A case of arrhythmogenic right ventricular cardiomyopathy/dysplasia involving the left ventricle.
- Author:
Young Keun KIM
1
;
Jeong Hee KIM
;
Dong Gyu KIM
;
Kyoung Tae JEONG
;
Yu Jeong CHOI
;
Sahng LEE
;
Soon Chang PARK
Author Information
1. Department of Internal Medicine, Eulji University Hospital, Daejeon, Korea. jhkim999@eulji.ac.kr
- Publication Type:Case Report
- Keywords:
Arrhythmogenic right ventricular cardiomyopathy;
Left ventricle
- MeSH:
Arrhythmogenic Right Ventricular Dysplasia;
Bundle-Branch Block;
Cardiopulmonary Resuscitation;
Death, Sudden, Cardiac;
Defibrillators;
Echocardiography;
Electrocardiography;
Heart Ventricles;
Humans;
Magnetic Resonance Imaging;
Military Personnel;
Myocardium;
Tachycardia, Ventricular;
Ventricular Fibrillation;
Ventricular Premature Complexes;
Young Adult
- From:Korean Journal of Medicine
2009;76(Suppl 1):S64-S69
- CountryRepublic of Korea
- Language:Korean
-
Abstract:
Arrhythmogenic right ventricular cardiomyopathy (ARVC)/dysplasia is characterized by fibro-fatty replacement of the right ventricular myocardium.
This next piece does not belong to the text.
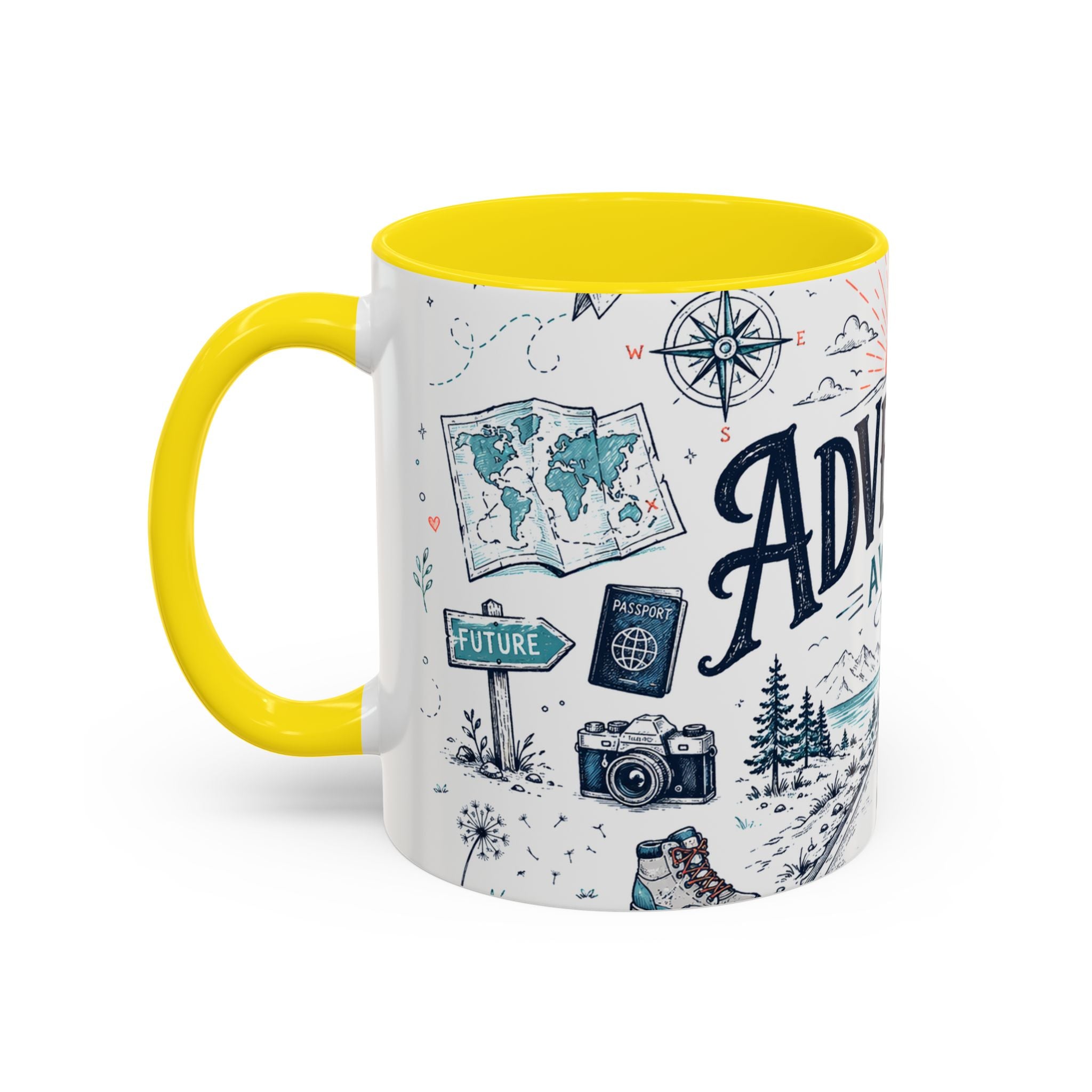 Adventure Awaits Coffee Mug | Class of 2026 Graduation Gift | Accent Color Ceramic 11oz 15oz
A 19-year-old soldier was admitted with sudden cardiac arrest that presented as ventricular fibrillation requiring cardiopulmonary resuscitation. His electrocardiogram (ECG) showed normal sinus rhythm with inverted T waves from leads V1 to V4 and isolated premature ventricular beats with a left bundle branch block (LBBB) pattern. Echocardiography showed that the right ventricle was enlarged with apical trabecular formation. The coronary angiogram was normal. Cardiovascular magnetic resonance imaging (MRI) showed thinning and fatty substitution of both the right and left ventricular free walls. Ventricular tachycardia (LBBB pattern) occurred frequently despite anti-arrhythmic drug treatment. His drug-resistant ventricular tachycardia was treated with an implanted cardiac defibrillator. Left ventricle involvement in ARVC is less common and more severe. Cardiac MRI is considered the best imaging technique for evaluating the right ventricle and diagnosing ARVC.